[Stored items from a collection]
-=-=-=-=-
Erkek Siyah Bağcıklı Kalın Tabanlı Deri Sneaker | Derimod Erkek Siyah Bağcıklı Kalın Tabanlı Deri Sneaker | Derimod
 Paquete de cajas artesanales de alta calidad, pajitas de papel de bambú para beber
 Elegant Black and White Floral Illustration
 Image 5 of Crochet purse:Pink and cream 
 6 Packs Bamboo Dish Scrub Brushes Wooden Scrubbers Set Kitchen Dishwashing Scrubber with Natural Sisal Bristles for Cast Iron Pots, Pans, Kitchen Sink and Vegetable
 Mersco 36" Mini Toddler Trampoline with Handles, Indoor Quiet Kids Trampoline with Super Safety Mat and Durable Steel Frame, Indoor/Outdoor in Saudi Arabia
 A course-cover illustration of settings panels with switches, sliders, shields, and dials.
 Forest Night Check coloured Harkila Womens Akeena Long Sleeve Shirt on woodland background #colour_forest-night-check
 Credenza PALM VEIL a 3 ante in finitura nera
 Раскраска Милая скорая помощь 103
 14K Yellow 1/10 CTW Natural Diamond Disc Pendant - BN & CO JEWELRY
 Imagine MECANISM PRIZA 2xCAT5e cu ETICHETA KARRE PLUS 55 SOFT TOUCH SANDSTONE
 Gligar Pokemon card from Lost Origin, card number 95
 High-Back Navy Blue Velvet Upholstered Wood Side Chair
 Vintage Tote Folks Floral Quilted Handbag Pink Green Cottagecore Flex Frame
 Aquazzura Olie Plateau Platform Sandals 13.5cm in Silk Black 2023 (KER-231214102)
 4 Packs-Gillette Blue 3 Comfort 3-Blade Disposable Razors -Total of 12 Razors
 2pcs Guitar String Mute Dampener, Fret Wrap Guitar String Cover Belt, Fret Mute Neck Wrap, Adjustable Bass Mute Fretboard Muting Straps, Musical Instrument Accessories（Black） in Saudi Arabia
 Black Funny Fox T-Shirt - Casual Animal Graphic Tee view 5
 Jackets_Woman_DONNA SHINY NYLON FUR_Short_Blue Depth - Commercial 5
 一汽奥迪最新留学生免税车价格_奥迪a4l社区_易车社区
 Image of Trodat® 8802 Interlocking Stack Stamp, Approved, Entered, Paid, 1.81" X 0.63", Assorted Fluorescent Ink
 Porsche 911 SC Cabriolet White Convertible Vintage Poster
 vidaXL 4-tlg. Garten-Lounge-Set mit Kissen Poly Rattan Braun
-=-=-=-=-
## ACTIVITY
If a line in the records above contains the string "Arabia", copy that line out.

## TASK OUTPUT
 Mersco 36" Mini Toddler Trampoline with Handles, Indoor Quiet Kids Trampoline with Super Safety Mat and Durable Steel Frame, Indoor/Outdoor in Saudi Arabia
 2pcs Guitar String Mute Dampener, Fret Wrap Guitar String Cover Belt, Fret Mute Neck Wrap, Adjustable Bass Mute Fretboard Muting Straps, Musical Instrument Accessories（Black） in Saudi Arabia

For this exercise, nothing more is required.